*** Data records ***

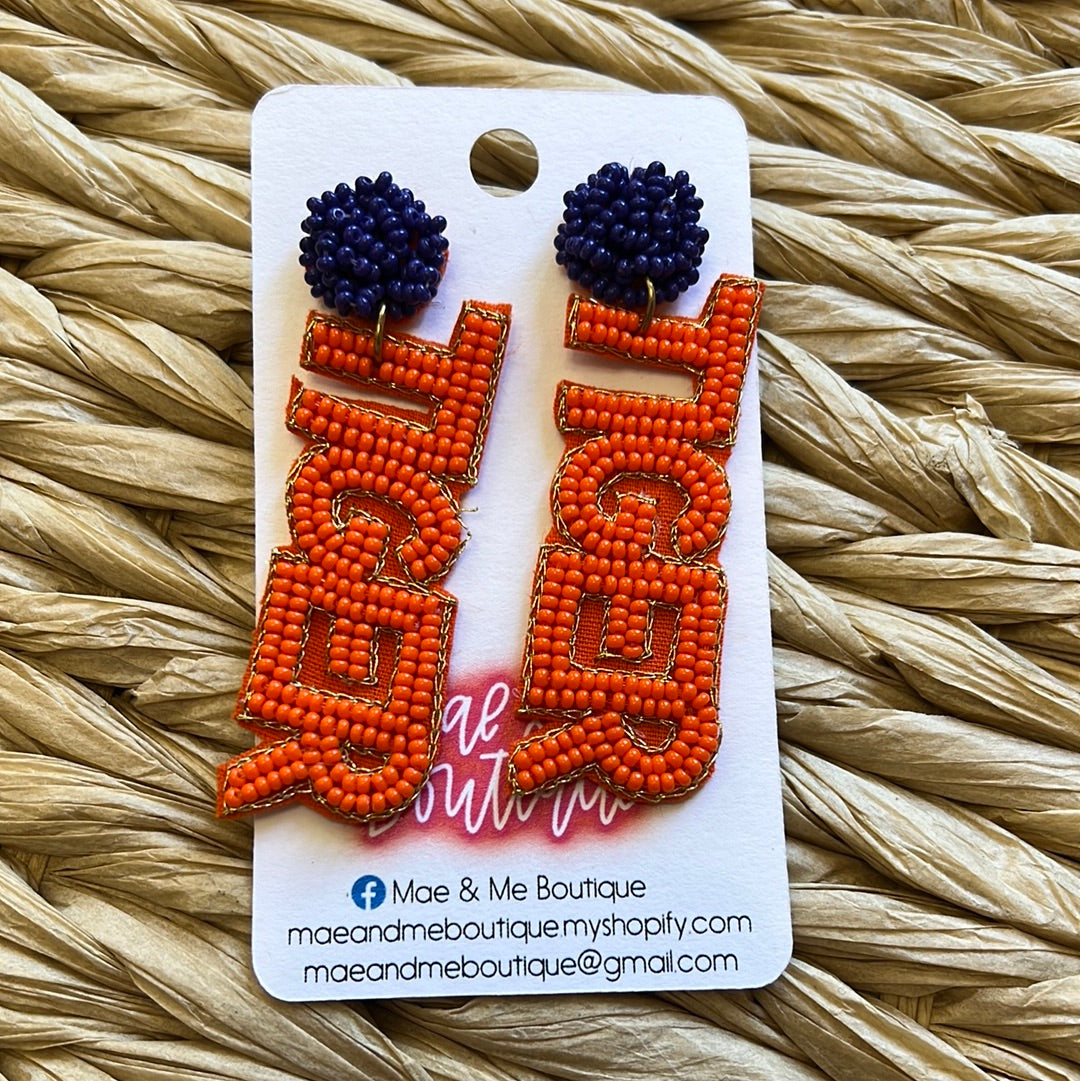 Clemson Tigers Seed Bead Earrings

*** End of Data records ***
*** Data records ***

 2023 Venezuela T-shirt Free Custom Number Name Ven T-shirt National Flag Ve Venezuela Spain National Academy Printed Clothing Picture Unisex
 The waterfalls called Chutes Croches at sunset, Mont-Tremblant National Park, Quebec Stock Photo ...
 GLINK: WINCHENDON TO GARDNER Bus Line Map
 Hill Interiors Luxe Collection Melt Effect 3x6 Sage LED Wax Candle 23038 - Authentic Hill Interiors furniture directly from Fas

*** End of Data records ***
*** Data records ***

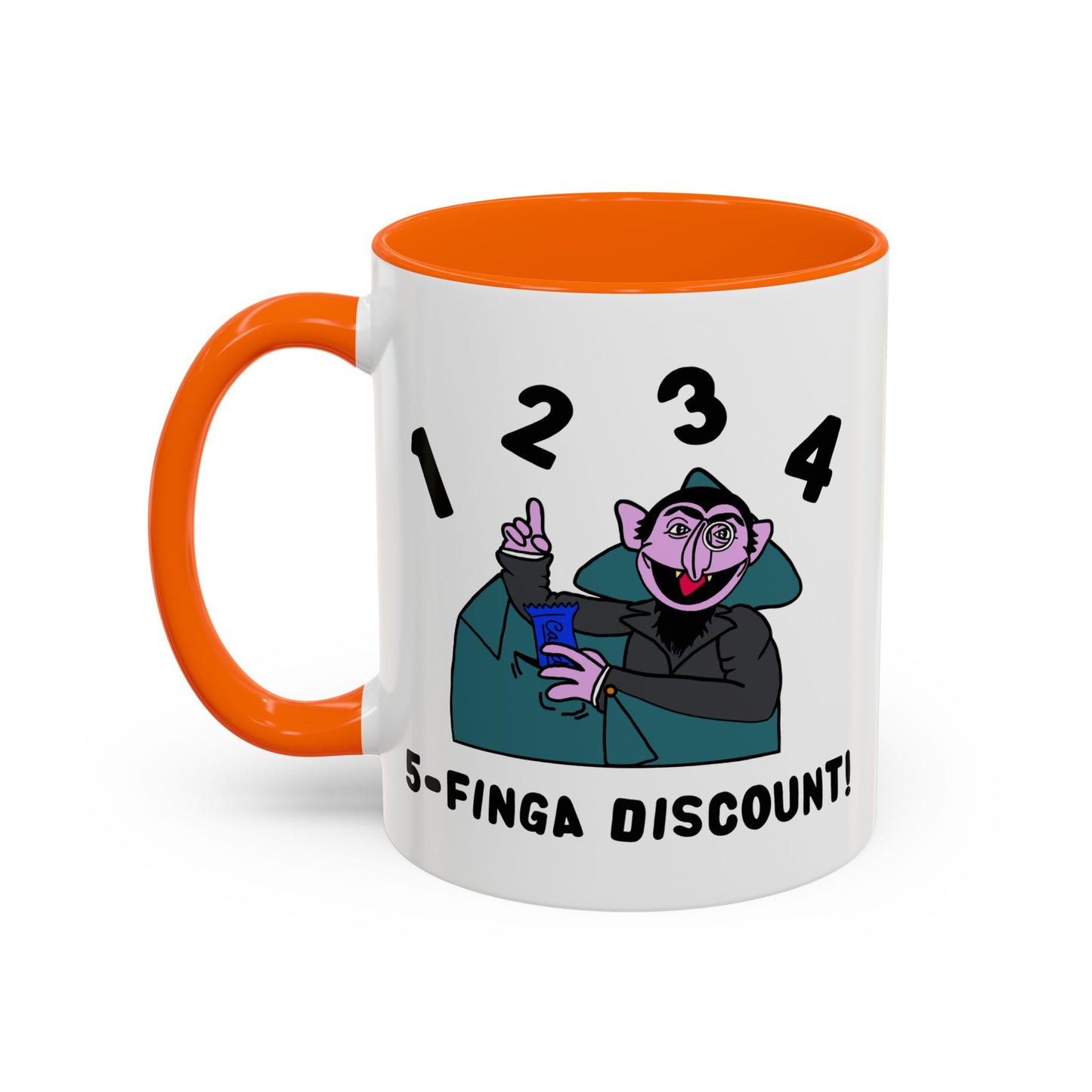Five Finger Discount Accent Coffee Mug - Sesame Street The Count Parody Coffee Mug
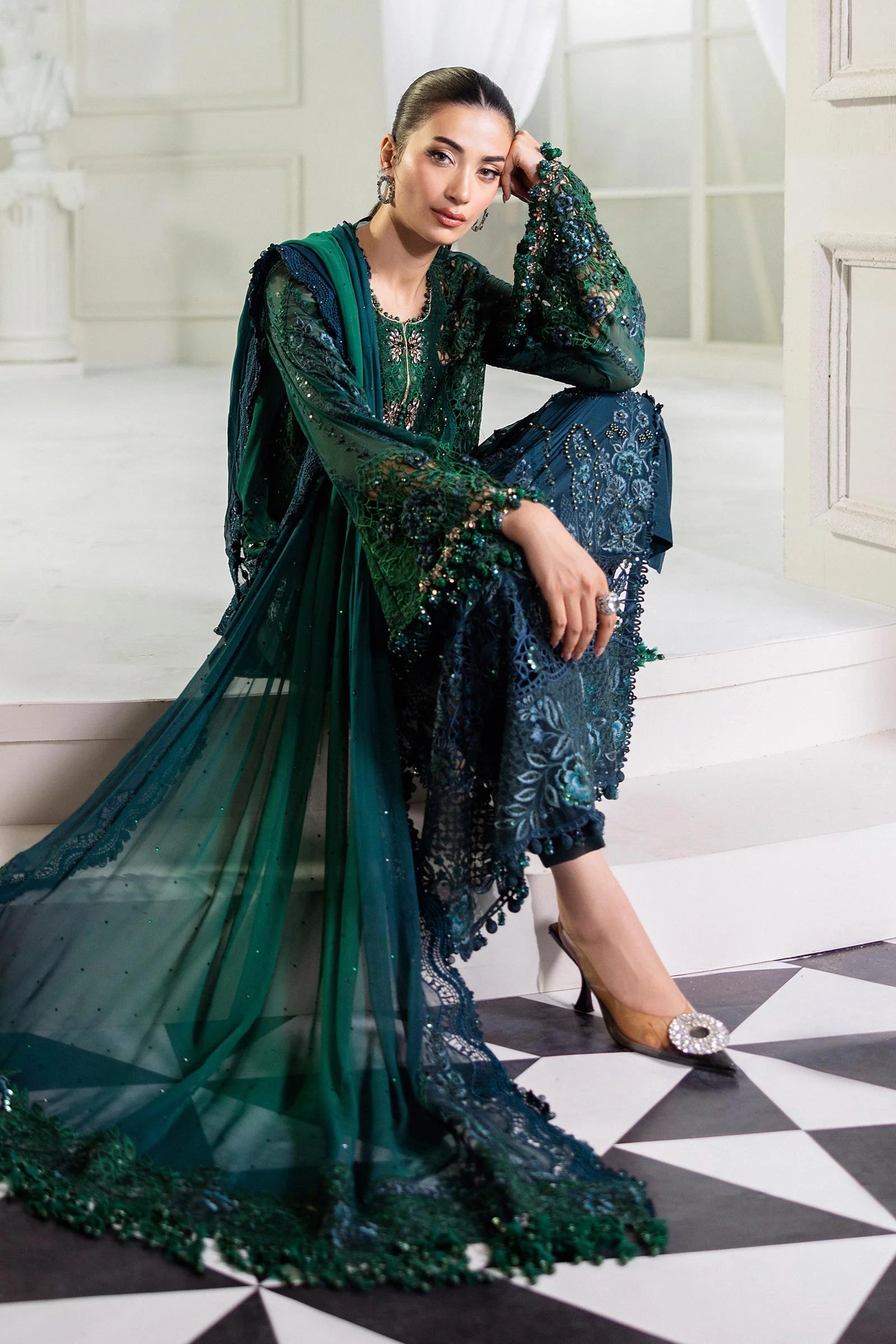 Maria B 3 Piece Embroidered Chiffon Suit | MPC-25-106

*** End of Data records ***

* Task item
In the records, which lines mention the word "National"? Copy those lines.

* Reply to the task
 2023 Venezuela T-shirt Free Custom Number Name Ven T-shirt National Flag Ve Venezuela Spain National Academy Printed Clothing Picture Unisex
 The waterfalls called Chutes Croches at sunset, Mont-Tremblant National Park, Quebec Stock Photo ...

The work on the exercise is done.